In the first phase, after data preparation and cleansing we performed sentiment analysis on more than 3650 subtitle files with three different lexicons and calculated the percentage of words with different emotions (trust, joy, fear, positive, etc.) on every SubRip Subtitle file. A SubRip file is the file associated with the subtitle (with the .srt extension). The structure of a subtitle file contains “the section of subtitles number”, “The time the subtitle is displayed begins”, “The time the subtitle is displayed ends”, and the “Subtitle”. This phase also includes movies’ scoring based on their adult contents (violence and sexual content) that can be used as a source for age and parental ratings and guidance.

In the second phase, scores normalisation is performed. The emotional scores are normalised to values between 0 and 100 and these are assigned to every video. Although the emotional rating of the videos is useful for data analysis on its own, the outcome of this scoring is also used as a new dataset with more than 3650 items and 34 features. This new dataset will be used for other data mining applications such as recommendation systems and predicting viewers interest and score to movies. This last aspect is not covered in this paper.

The remaining of this paper is organised as follows. In Sect. 2 we review some related works. The data cleansing and preparation phase is described in Sect. 3. The emotions analysis is performed in Sect. 4 with the lexicons used in this study and their developments described in Sect. 5. The correlations between emotions and the IMDb scores analysis is given in Sect. 6. Finally, Sect. 7 discusses the results of this research, draw some conclusions and provides some insights into future works.

2 Literature Review

Plutchick [5] developed his emotions model based on eight human emotions including acceptance, surprise, sadness, anger, joy, fear, anticipation and disgust. He also defined some emotions as compounds of two other emotions (for example love is defined as a compound of joy and trust) and he also defined levels of intensity for each of the eight emotions. His model became the most popular for displaying human emotions. Plutchik’s wheel of emotions is utilized in many researches in psychology and interdisciplinary fields such as NLP.

Alsheikh, Shaalan and Meziane [1] used the polarity, intensity and combinational concepts in Plutchik’s wheel of emotions with text mining and sentiment analysis methods to evaluate trust as an emotion between sellers and buyers in the Customer to Customer marketplace. They have used text mining methods to find correlations between emotions on the hosts’ description of their facilities (accommodation in this case as they have used Airbnb as a case study) and negative sentiments by guests through their reviews. They have also used the combinational concepts of emotions based on Plutchick and Ekman emotional model for calculating trust.

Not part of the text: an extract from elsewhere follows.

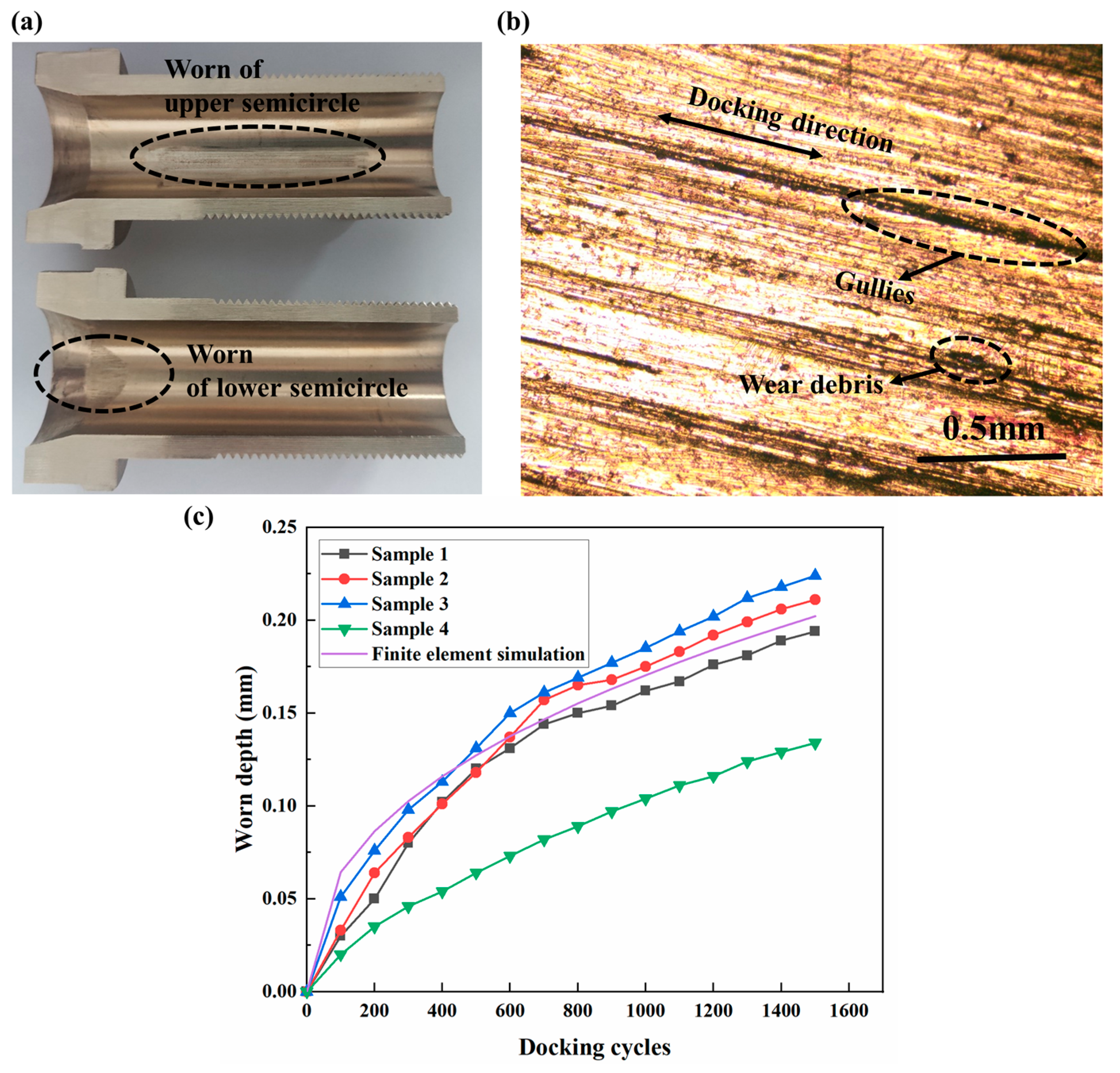 Polymers 17 02091 g014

Cambria, Livingstone, and Hussain [2] proposed a new model for human emotions which they named “The Hourglass of Emotions”. Their model is a reinterpretation of the Plutchik’s wheel of emotions and is specifically designed for applications such as sentiment analysis, social data mining and NLP. They used polarity and intensity levels of emotions in Plutchik’s wheel of emotions and defined 4 main emotions (instead of the 8 emotions in the Plutchik’s model).

Topal and Ozsoyoglu [7] proposed a model for emotional analysis and classification of movies based on the viewers reviews on the IMDb website arguing that there is a close link between users’ reviews on IMDb and emotions on the movies. In addition, they have also found correlations between high level of emotionality in movies and high scores (7 or more) to movies by IMDb users. In their research, Topal and Ozsoyoglu [7] used the Hour Glass of Emotions [2] to find emotional scores for each movie based on the reviews and used the K-means algorithm for clustering movies based on their emotional scores according to users’ reviews on IMDb. A recommendation system based on the movies emotional score by their method and users’ emotional preferences was then proposed.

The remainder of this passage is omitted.